Earlier this week, Ontario PC leader Doug Ford made an announcement that sent a shock wave through the canyons of Bay Street. His first act, should he be elected premier, said Ford, would be to fire Mayo Schmidt, the president and CEO of Hydro One, and the company’s entire board of directors.
Ford’s language was stark. “If they don’t [resign] … let me tell you something. When I’m Premier, you’d better believe I’m kicking each and every one of them out the door and taking their hands out of the pockets of hardworking taxpayers.”

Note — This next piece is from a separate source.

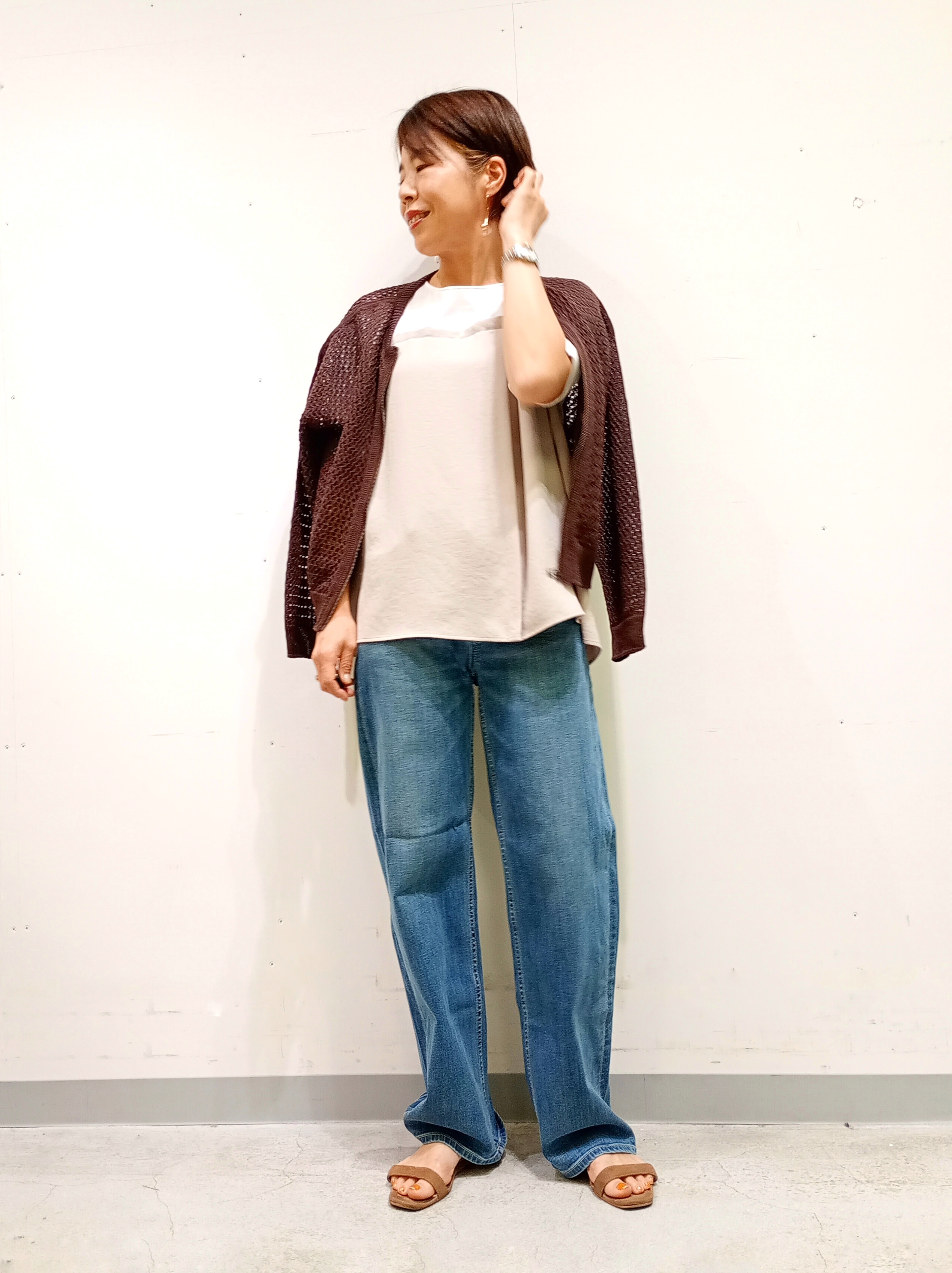 Kさんの「INDIVI｜【着る日傘／SETUP可能】ビスチェレイヤード風トップス」を使ったコーディネート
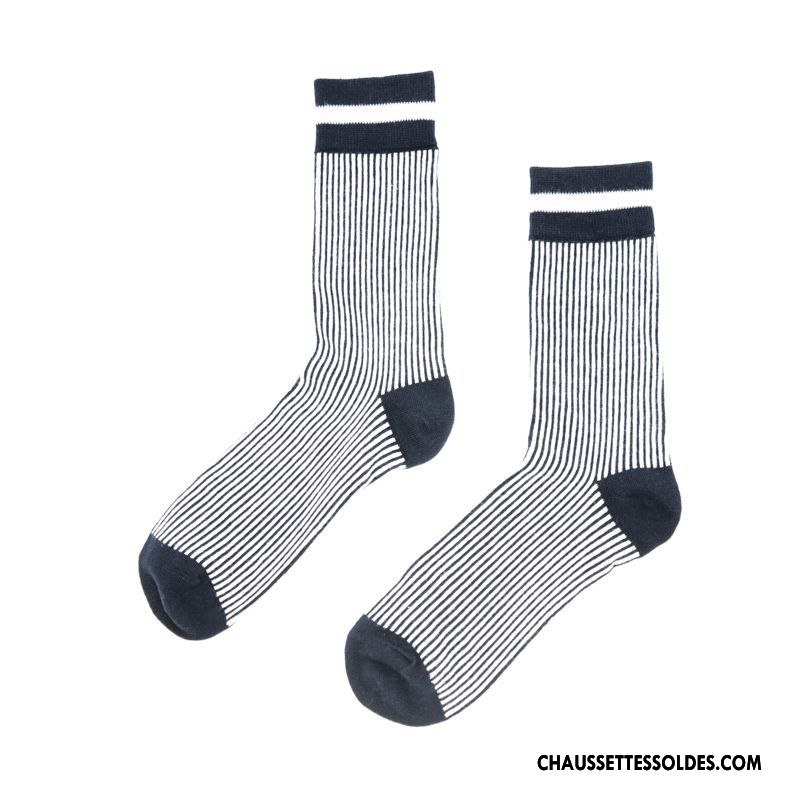 Chaussettes Mi Hautes Homme 100% Coton Rétro Nation Manuel Milieu Tendance Blanc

Rarely is such blunt and aggressive language used in Ontario public life. Predictably, the announcement was met with recrimination. Sceptics, business leaders and pundits alike quickly noted that the premier would have no such authority to deliver on his promise upon reaching power.
Hydro One itself immediately released a statement defending its compensation structure. The organization forcefully argued that its pay policies were in line with competitors and cost ratepayers mere cents on the dollar. Hydro One’s statement went on to remind Ontarians that they are an efficient and dedicated provider of energy.
But while the business community and other stakeholders were quickly lining up behind Hydro One’s board and executive team, a different coalition of voting interests was forming.
Ford knows well that for his electoral fortunes, there is nothing more helpful than a sweeping referendum on the governmental and economic institutions that underpin Ontario’s current system.
If the critics say it can’t be done, all the better. Ford knows that the Ontario voter is both frustrated and angry. And he knows they don’t care about details, they just want action. And so, he’s channelling that anger, refusing to get confused by details and he’s promising action.